Esitai per un attimo, poi posai la collana sul bancone come se avessi paura che mi mordesse.

"Devo venderla."

La guardò appena prima che le sue mani si immobilizzassero. I suoi occhi si fissarono sulla collana e il colore le svanì dal viso così in fretta che pensai stesse per svenire.

"Dove l'hai presa?" sussurrò.

"Apparteneva a mia nonna", dissi, infastidita dal ritardo. "Guardi, mi serve solo abbastanza per pagare l'affitto."

"Come si chiamava?"

"Merinda. Merinda L. Perché?"

Aprì la bocca, poi la richiuse, prima di barcollare all'indietro come se avesse preso la scossa sul bancone.

"Signorina... deve sedersi", mormorò, aggrappandosi al bordo.

Mi si gelò il sangue.

Continua alla pagina successiva. "È falsa?" chiesi nervosamente.

"No", sussurrò. «È vero.»

Poi, con dita tremanti, prese un telefono cordless e compose il numero di chiamata rapida.

«Ce l'ho», disse in fretta. «La collana. È qui.»

Un brivido mi percorse la schiena.

«Chi sta chiamando?» chiesi perentoriamente.

Si coprì la cornetta con la mano, con gli occhi spalancati.

«Signorina… Il professore la sta cercando da vent'anni!»

Prima che potessi reagire, sentii lo scatto di una serratura dietro la sala espositiva. La porta sul retro si spalancò.

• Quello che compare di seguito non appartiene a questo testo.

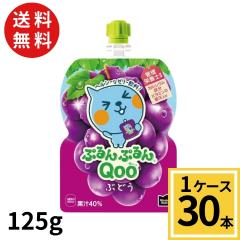 �~�j�b�c���C�h �Ղ��Ղ�� Qoo �Ԃǂ� 125g �p�E�` �������� ���v 30 �{�i30�{�~1�P�[�X�j�N�[ Qoo �[���[ �Ԃǂ� �u�h�E 49021021005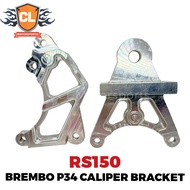 RS150 BREMBO P34 CALIPER BRACKET (FRONT/REAR)
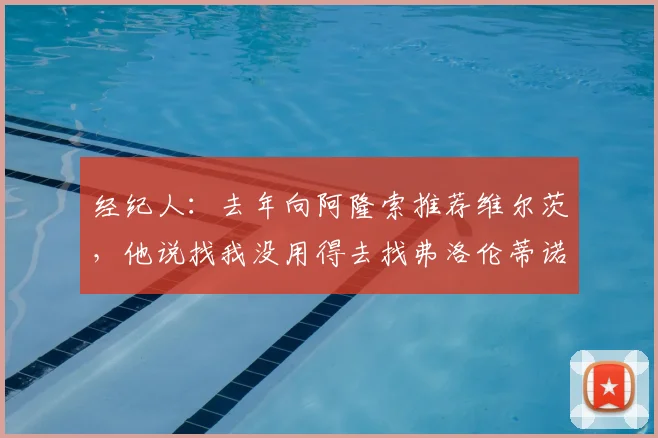 经纪人：去年向阿隆索推荐维尔茨，他说找我没用得去找弗洛伦蒂诺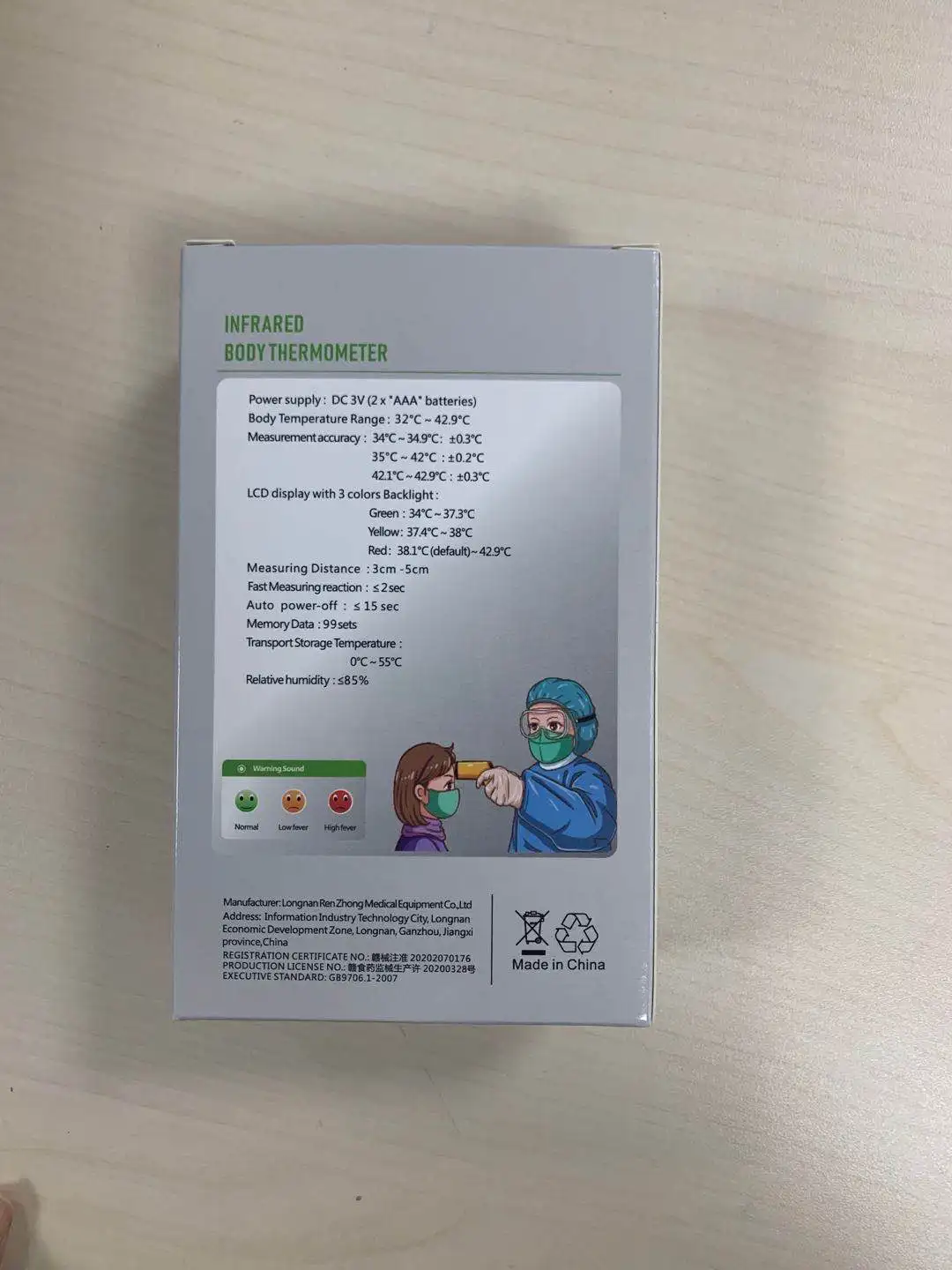  Большинство вы сможете оставить положительные отзывы и выбрать оценку продукции фабрика сразу поставляет температурное пистолет Yk-001 афк электронный бесконтактный инфракрасный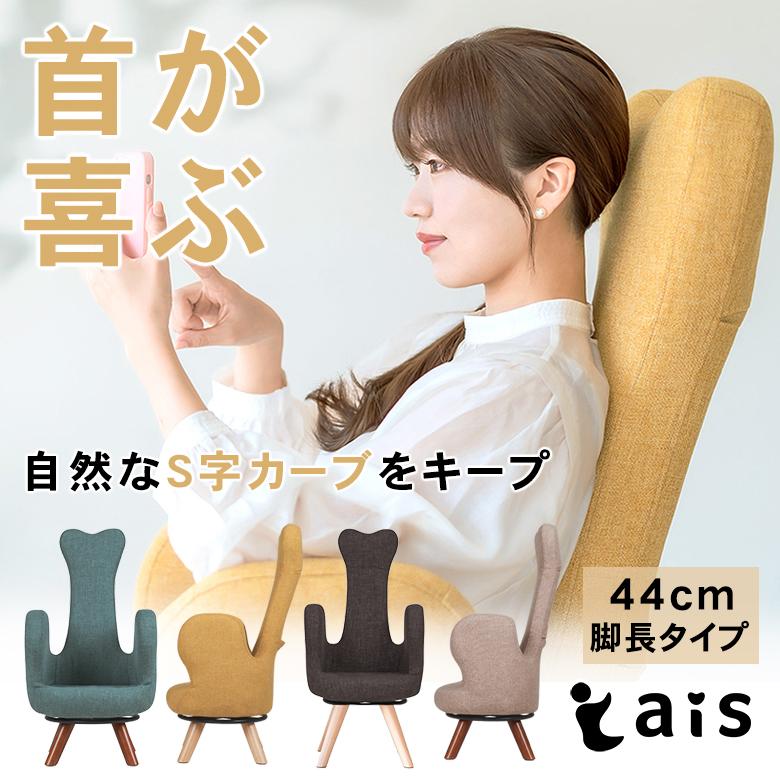 首が喜ぶ美姿勢チェア ais 44cm 脚長タイプ アイス うつむかないチェア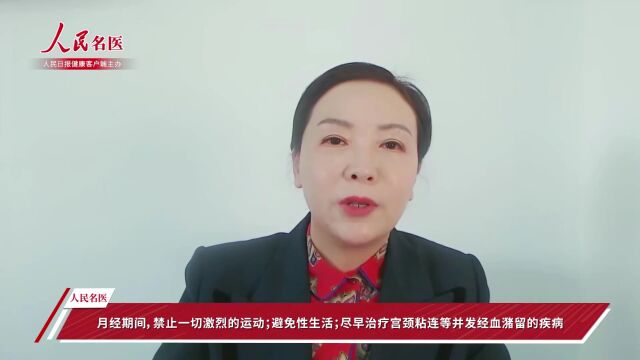 关爱女性健康,从保护生育力开始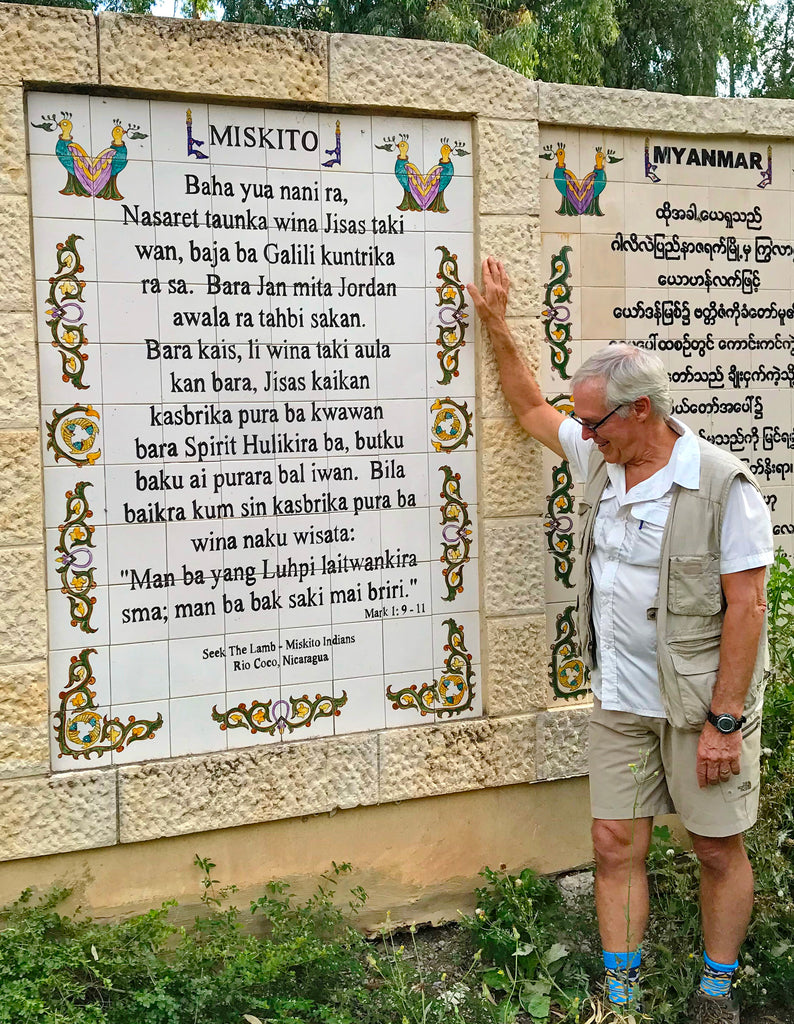 June 2018 Conchshell Chronicles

E quando vidi chi era entrata, rimasi senza fiato.

«Ne vuoi un po'?!»

Ora sembrava più vecchia – i capelli erano argentati, i lineamenti più delicati – ma si comportava esattamente come la ricordavo: composta, serena, con un'eleganza naturale.

Era la migliore amica di mia nonna.

Desiree veniva spesso a trovarmi, portandomi dolci e raccontandomi storie che ero troppo piccola per capire. Non la vedevo da anni.

Nell'istante in cui i suoi occhi incontrarono i miei, qualcosa dentro di lei si spezzò, come se avesse cercato di rimanere calma troppo a lungo.

"Ti stavo cercando", disse dolcemente, e mi abbracciò.

Calore. Familiare. Inaspettato.

All'inizio ero rigida, poi lentamente mi rilassai.

"Che succede?" chiesi quando si staccò.

"Le somigli così tanto", mormorò.

"Nonna?"

Annuì, poi si rivolse all'uomo. "Va bene, Samuel. Me ne occuperò io."

Annuì velocemente, sollevato.

Aggrottai la fronte. "Perché ti ha chiamato 'il professore'?"

Desiree sospirò di sollievo. «Perché questo posto è mio, e altri tre dall'altra parte della città. Dice che mi comporto da capo, ma non lo sono.»

Solo a scopo illustrativo.

Questo mi sorprese, ma non quanto quello che accadde dopo.

Il suo sguardo si posò sulla collana.

«Ecco perché ti stavo cercando», disse a bassa voce.

«Perché?» chiesi.

Indicò una sedia. «Prego, si accomodi.»

Obbedii, turbata dal suo tono.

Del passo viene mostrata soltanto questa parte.